As viagens marítimas empreendidas pelos portugueses nos séculos XV e XVI foram, como é sabido, um motor daquilo a que se pode chamar com propriedade um processo de globalização. Esse processo trouxe consigo a disseminação de uma cultura, de uma crença religiosa, de uma língua, e de outros testemunhos da experiência e do saber de um povo. Os contactos com outras gentes e civilizações foram, muitas vezes marcadas pelo conflito e pela violência, pela imposição ao Outro, pela força, da verdade ou dos interesses de uma das partes. Mas foram também, em larga medida, uma oportunidade de abertura ao comércio, ao diálogo, à troca de saberes, à convivência e miscigenação das etnias, à coexistência de modos de vida e de visões do mundo plurais. Até que ponto é que a tendência à uniformização e ao domínio foi então contrabalançada pelo impulso da mútua captação do diferente como enriquecimento humano material e espiritual, eis o que compete aos arqueólogos e historiadores investigar.
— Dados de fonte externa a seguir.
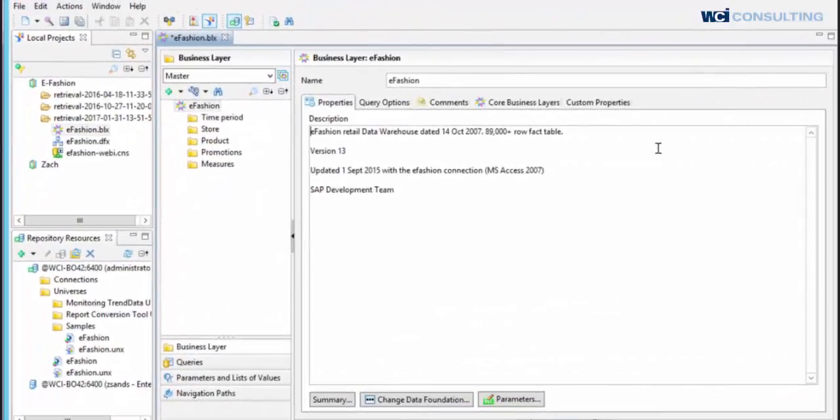Hello, my name is Marybeth Wood, and I'm with WCI Consulting. Today I'm going to discuss how to optimize a query with query stripping and web intelligence. For today's demonstration, I am using Business Objects 4.2.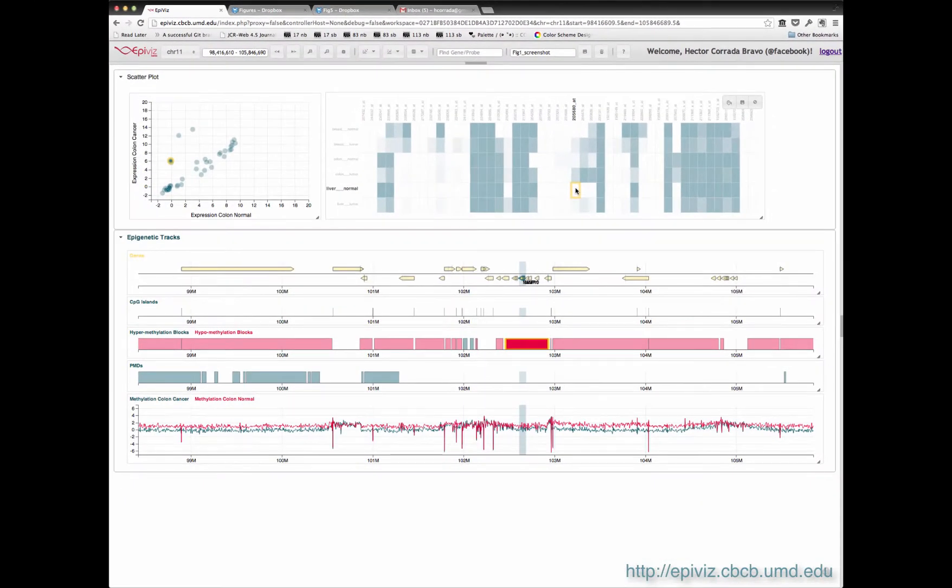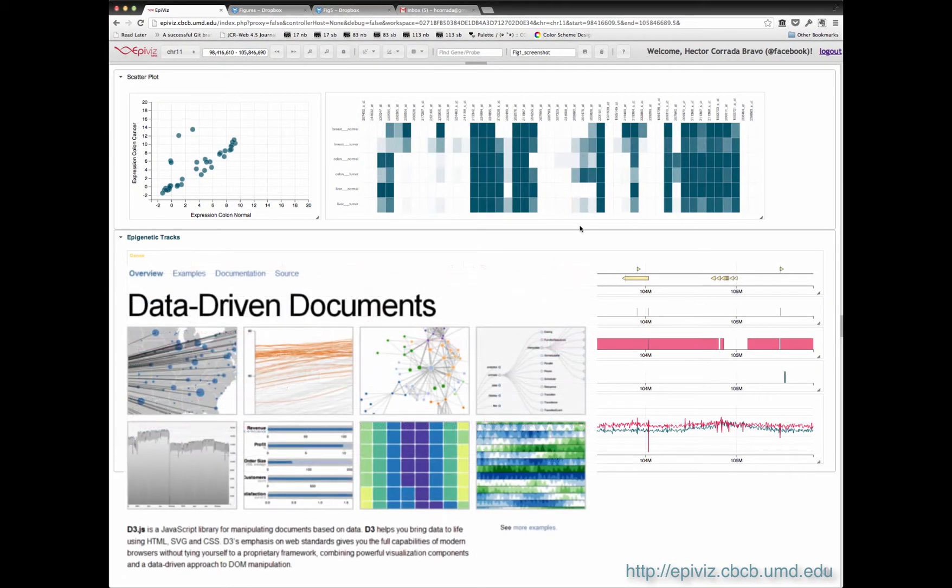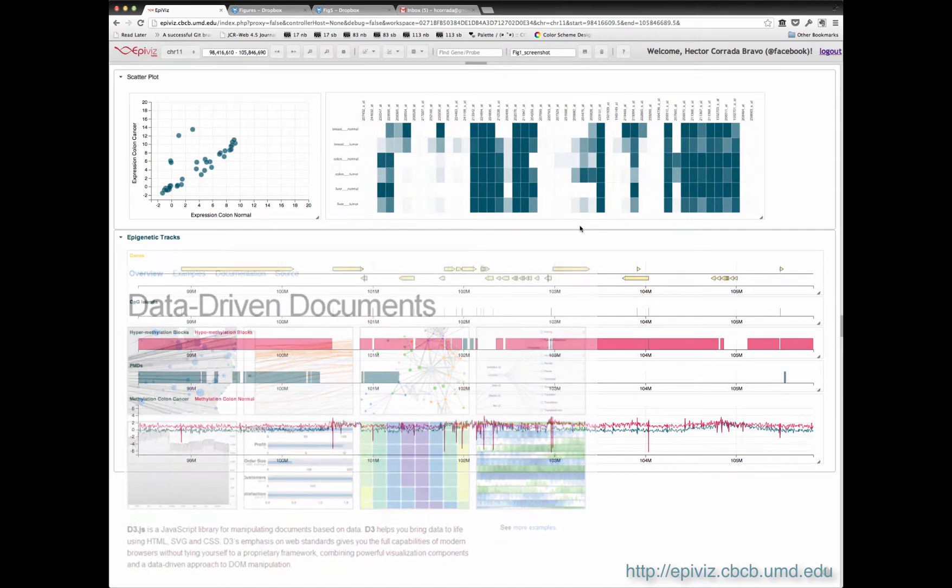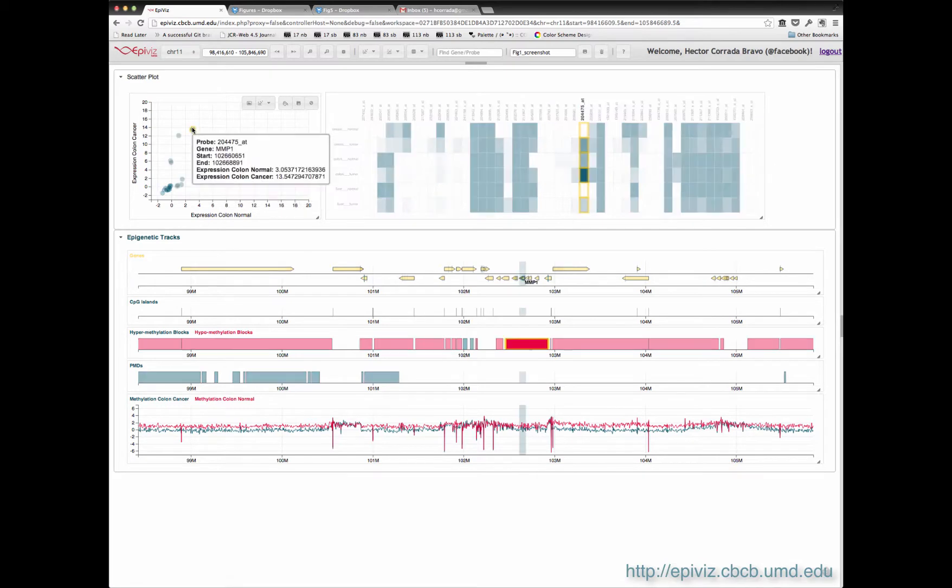We use d3.js for visualization, so visual elements are mapped to data elements. We use that to link data across tracts and plots using brushing.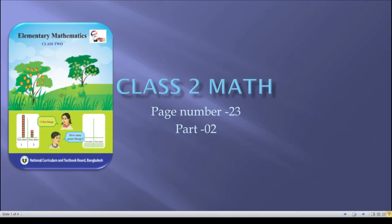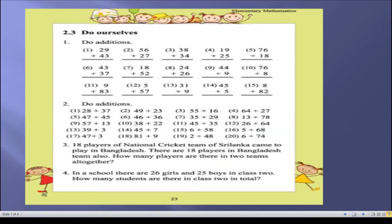This is part two. In part one we solved almost all the questions, but some questions were not solved, so now in part two I will try to solve those questions. To solve any problem, first of all we need to read the questions deeply. Let me show you the questions mentioned in your textbook on page number 23. In part one I solved question number one and two. Now in this tutorial I will try to solve question number three and question number four.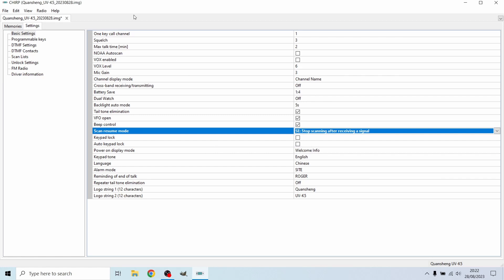So now when you do a scan, every time it detects a station, it's going to pause and leave on that channel. And if you want to continue the scan, you're just going to press the up arrow button or the button that has the letter B on it, whichever you see easiest.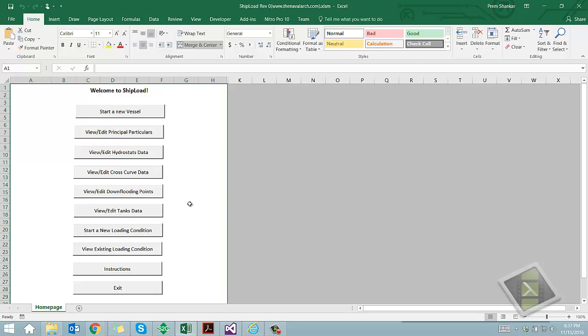Welcome to this spreadsheet for a ship's trim and stability calculation, developed by TheNavalArc.com.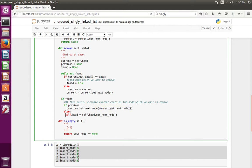There is also an else statement to handle the case where the node we are trying to remove is the first node — the head node. In that case, we set the next node of the head node as the new head node. In the is_empty method, we simply check if self.head is None — if it is, that means the linked list is empty.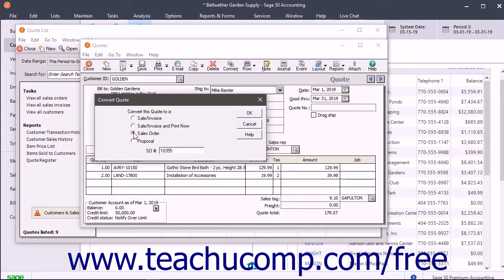If you select the third option, enter the Sales Order Number into the SO Number field that appears.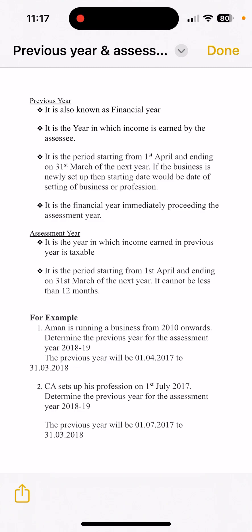Assessment Year is the year in which income earned in the Previous Year becomes taxable. The period of Assessment Year is also 1st April to 31st March of the next year, and it can never be less than 12 months. However, Previous Year can be shorter if a new business was set up mid-year.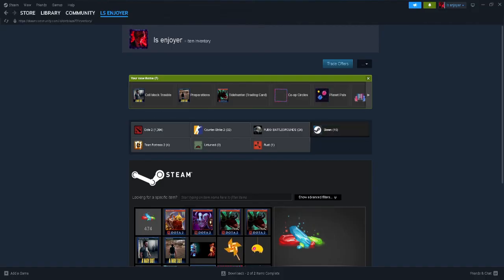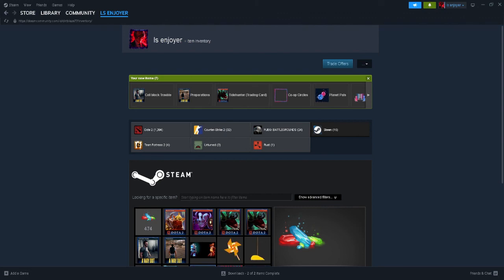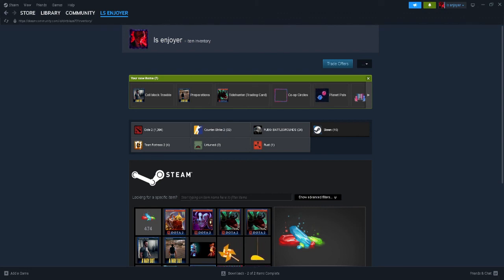And that is how you accept gifts on Steam. If you find this video helpful, please hit like and subscribe. Thanks.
Mas essa é precisamente a parte que mais nos interessa, mormente numa era de globalização acelerada como aquela em que vivemos. Portugal conta-se entre os países mais empenhados em promover o diálogo e a aliança entre as culturas. Envolvemo-nos activamente no processo que conduziu à aprovação, pela Assembleia Geral da UNESCO de Outubro passado, da Convenção sobre a Diversidade Cultural. O mesmo espírito inspira a iniciativa que hoje aqui nos reúne. Congratulamo-nos pelo facto de a proposta da Comissão Nacional Portuguesa do ICOMOS ter sido desde logo apoiada pelo Centro do Património Mundial da UNESCO e ter encontrado um eco tão alargado.
A criação de uma rede que permita identificar, preservar, estudar e tornar mundialmente conhecidos sítios arqueológicos ou monumentos ligados à presença portuguesa em diferentes continentes fará dessa herança patrimonial uma herança comum, constituindo-a como verdadeiro património da humanidade. Para além de contribuir para o aprofundamento do conhecimento da história que nos é comum, para o aprofundamento das relações de cooperação científica e cultural entre os parceiros, poderá e deverá funcionar como instrumento de desenvolvimento local. Na verdade, como hoje é geralmente reconhecido, o património e as actividades que lhe estão ligadas (educacionais ou de lazer) são importantes agentes do desenvolvimento económico e social.
Permitam-me, pois, que felicite em nome do governo português a Universidade de Coimbra, na pessoa do Senhor Reitor, insigne anfitriã deste encontro, e os seus promotores e organizadores. Faço votos do melhor êxito para os trabalhos e de uma estada feliz para os nossos convidados.